Fraud is one of the most commonly charged white-collar crimes. It involves deceiving someone for financial gain. Fraud may include identity theft, internet crimes, ponzi schemes or other offenses. There are various types of fraud, such as:
- Securities fraud – Securities fraud is fraud related to stocks and bonds. It includes insider trading in which someone with confidential information about a company makes investments based on this information in violation of the law. Securities fraud can also be committed by making false statements about a business in order to get an investment.
- Insurance fraud – Insurance fraud occurs when a person makes a false claim for insurance coverage, such as removing something from a home and then claiming it was stolen or committing arson to collect insurance proceeds.
- Mortgage fraud – Mortgage fraud is committed when a person makes a false statement or omission on application or other mortgage documents in order to obtain a benefit from the mortgage process.
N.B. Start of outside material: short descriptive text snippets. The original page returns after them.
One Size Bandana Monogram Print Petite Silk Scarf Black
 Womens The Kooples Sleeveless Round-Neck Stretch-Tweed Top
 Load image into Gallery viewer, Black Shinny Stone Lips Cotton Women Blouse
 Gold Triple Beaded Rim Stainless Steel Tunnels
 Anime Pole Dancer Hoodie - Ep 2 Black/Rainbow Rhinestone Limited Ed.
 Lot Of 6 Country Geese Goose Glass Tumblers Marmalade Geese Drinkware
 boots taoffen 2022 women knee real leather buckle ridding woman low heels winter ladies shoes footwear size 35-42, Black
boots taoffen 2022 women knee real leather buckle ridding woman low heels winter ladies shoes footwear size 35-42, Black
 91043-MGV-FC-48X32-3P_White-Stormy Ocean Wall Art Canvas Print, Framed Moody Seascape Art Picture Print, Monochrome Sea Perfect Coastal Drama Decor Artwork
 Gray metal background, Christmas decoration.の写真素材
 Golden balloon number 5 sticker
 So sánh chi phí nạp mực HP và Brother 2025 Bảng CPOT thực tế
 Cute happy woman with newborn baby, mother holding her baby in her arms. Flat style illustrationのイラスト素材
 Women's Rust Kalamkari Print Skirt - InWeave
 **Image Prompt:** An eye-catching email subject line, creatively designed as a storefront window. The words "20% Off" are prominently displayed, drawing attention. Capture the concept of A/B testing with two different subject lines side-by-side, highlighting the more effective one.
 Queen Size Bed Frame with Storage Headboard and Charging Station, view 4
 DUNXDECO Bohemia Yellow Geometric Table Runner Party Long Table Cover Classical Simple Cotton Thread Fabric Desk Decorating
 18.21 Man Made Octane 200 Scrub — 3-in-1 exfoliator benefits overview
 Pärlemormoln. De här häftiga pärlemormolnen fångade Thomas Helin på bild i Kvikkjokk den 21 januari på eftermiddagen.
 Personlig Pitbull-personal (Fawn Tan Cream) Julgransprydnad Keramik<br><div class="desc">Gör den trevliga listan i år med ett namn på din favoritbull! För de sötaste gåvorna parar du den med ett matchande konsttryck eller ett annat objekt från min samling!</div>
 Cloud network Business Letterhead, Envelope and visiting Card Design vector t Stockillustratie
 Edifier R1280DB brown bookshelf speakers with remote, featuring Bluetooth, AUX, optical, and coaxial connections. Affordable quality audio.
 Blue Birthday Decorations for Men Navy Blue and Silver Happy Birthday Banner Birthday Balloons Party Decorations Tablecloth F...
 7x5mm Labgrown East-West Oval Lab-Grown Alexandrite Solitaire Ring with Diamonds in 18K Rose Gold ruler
Embezzlement involves taking money or misusing funds in their trust. This crime is commonly committed by a person taking money off the top of a business and using it for their personal use. Business managers, employees, elected officials or others may be charged with this offense.
Another common white-collar crime is tax evasion. In this offense, the individual tries to avoid paying taxes, minimizes tax liability or tries to get more in a refund to which he or she is legally entitled. This may be done by filing tax returns claiming dependents improperly, exaggerating expenses or claiming deductions to which the filer is not entitled.
Money laundering involves concealing the source of illegally-obtained funds, such as by placing it in a bank account or using it to support a business.